Work task
Reprint the lines below as they are, minus the pictures.

Short text fragments from websites:

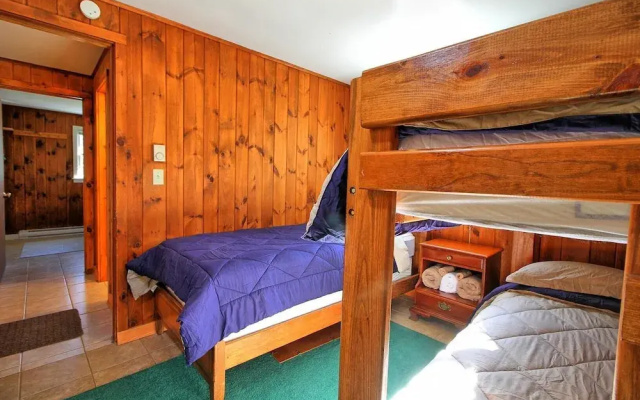 photo 4 of Inn The Woods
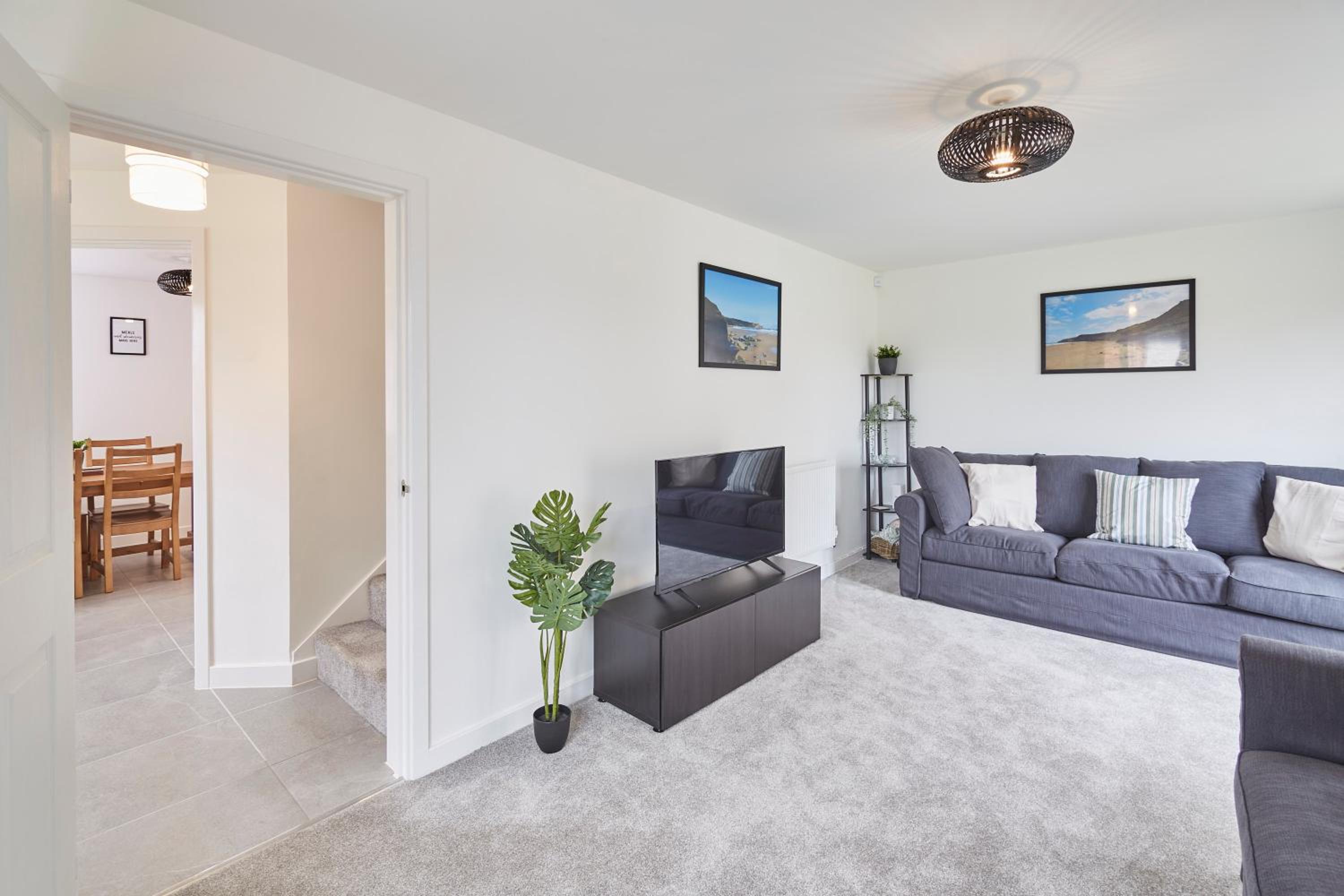 Host & Stay - Cayton Bay Cottage view 2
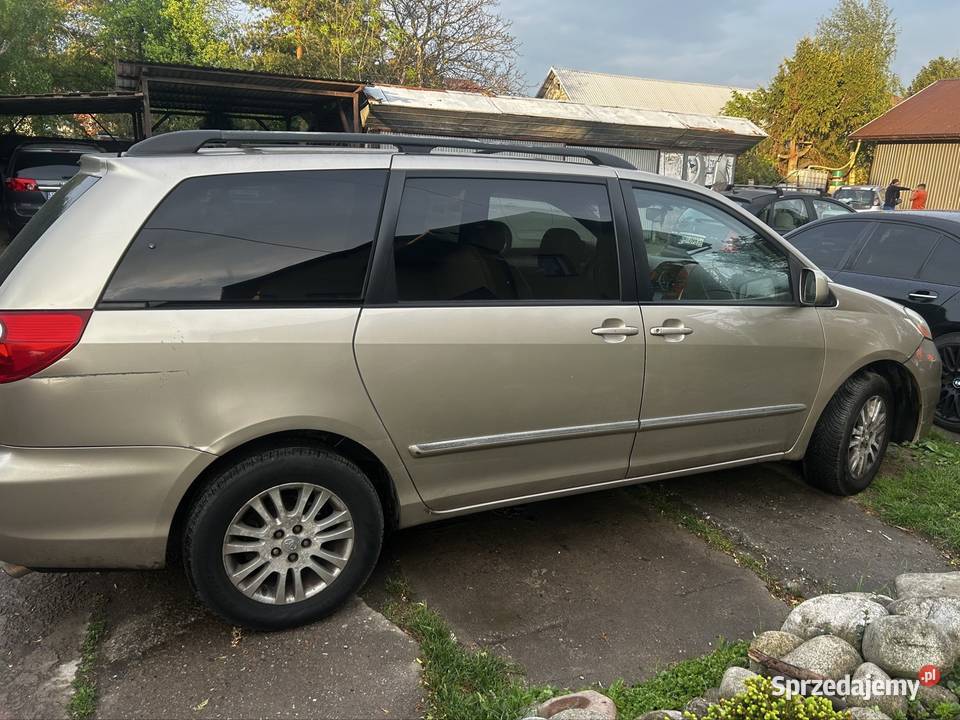 Toyota Sienna 35 bg Sienna Rzeszów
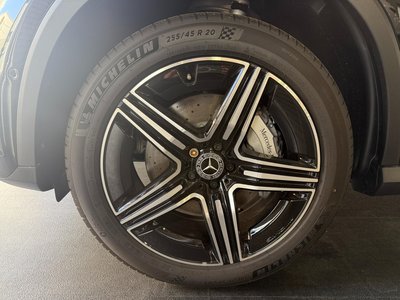 MERCEDES-BENZ GLC - 10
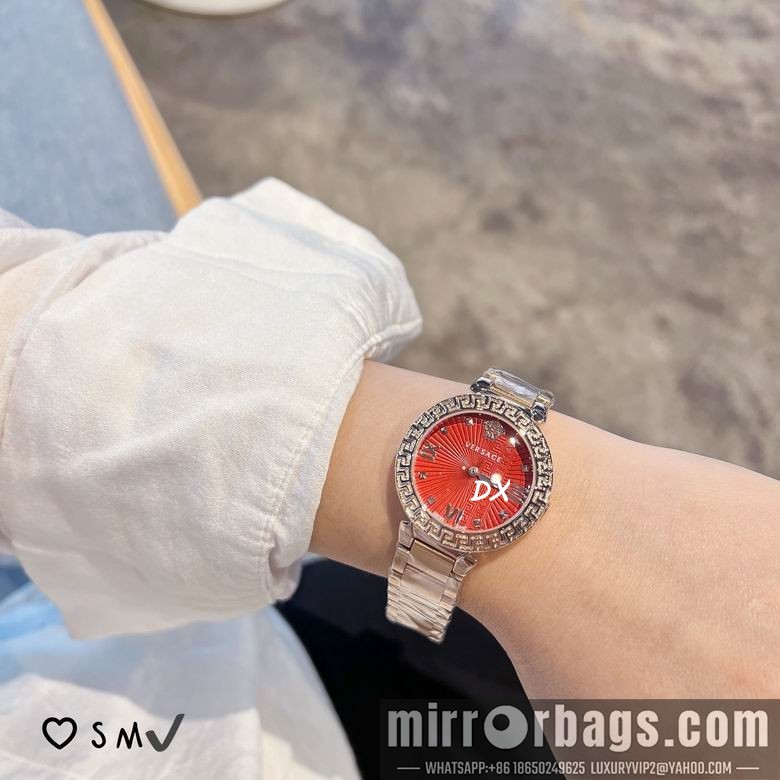 Replica Versace 34mm 10nms47 Watch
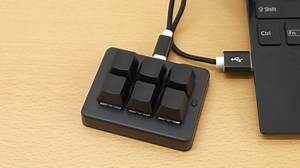 A review of the 'Programmable Keys' that allows you to assign your favorite shortcuts and mouse operations to six keys as a one-handed device, and the pleasant typing sound of the blue axis mechanical keyboard
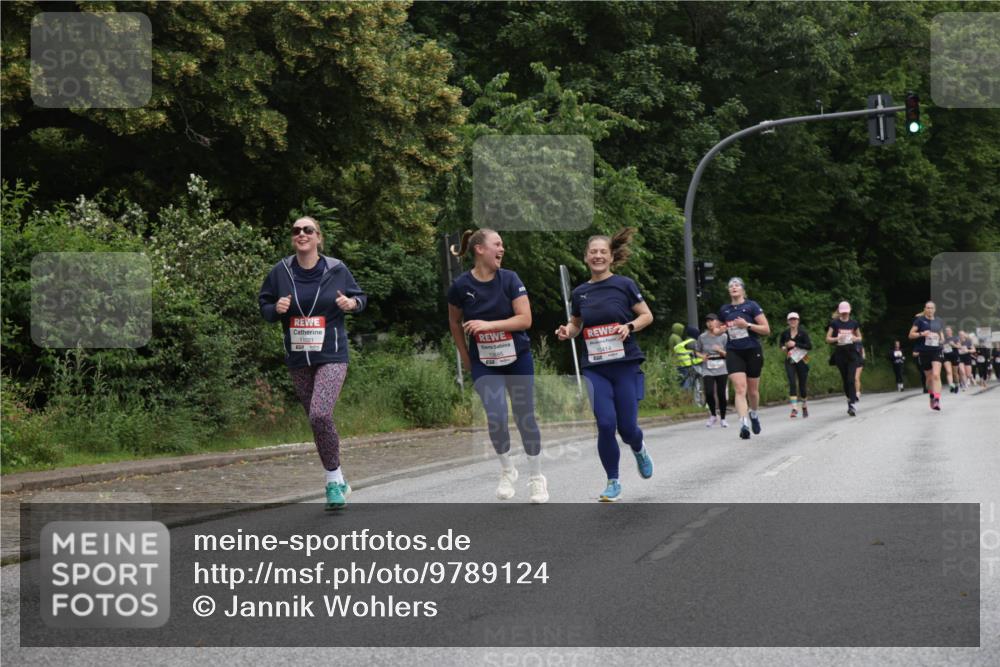 14.06.2026 - REWE Women's Run Jannik Wohlers http://msf.ph/oto/9789124 14.06.2026 10:02:03 Laufen 11021 meine-sportfotos.de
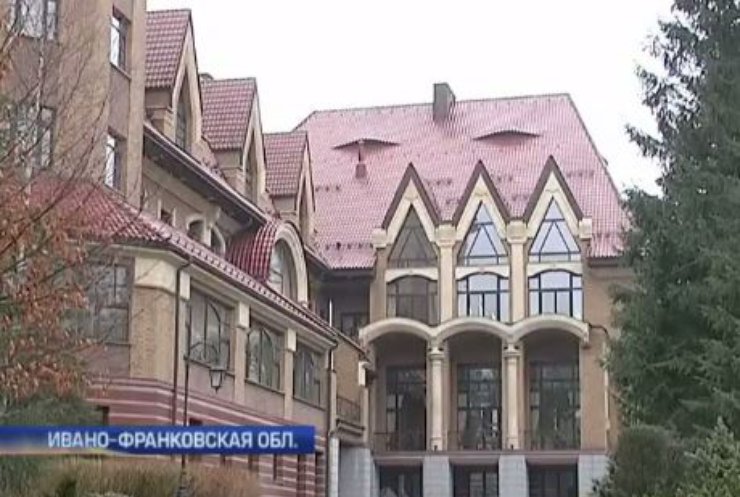 Резиденцию Януковича в Прикарпатье вернули государству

Output below
 photo 4 of Inn The Woods
 Host & Stay - Cayton Bay Cottage view 2
 Toyota Sienna 35 bg Sienna Rzeszów
 MERCEDES-BENZ GLC - 10
 Replica Versace 34mm 10nms47 Watch
 A review of the 'Programmable Keys' that allows you to assign your favorite shortcuts and mouse operations to six keys as a one-handed device, and the pleasant typing sound of the blue axis mechanical keyboard
 14.06.2026 - REWE Women's Run Jannik Wohlers http://msf.ph/oto/9789124 14.06.2026 10:02:03 Laufen 11021 meine-sportfotos.de
 Резиденцию Януковича в Прикарпатье вернули государству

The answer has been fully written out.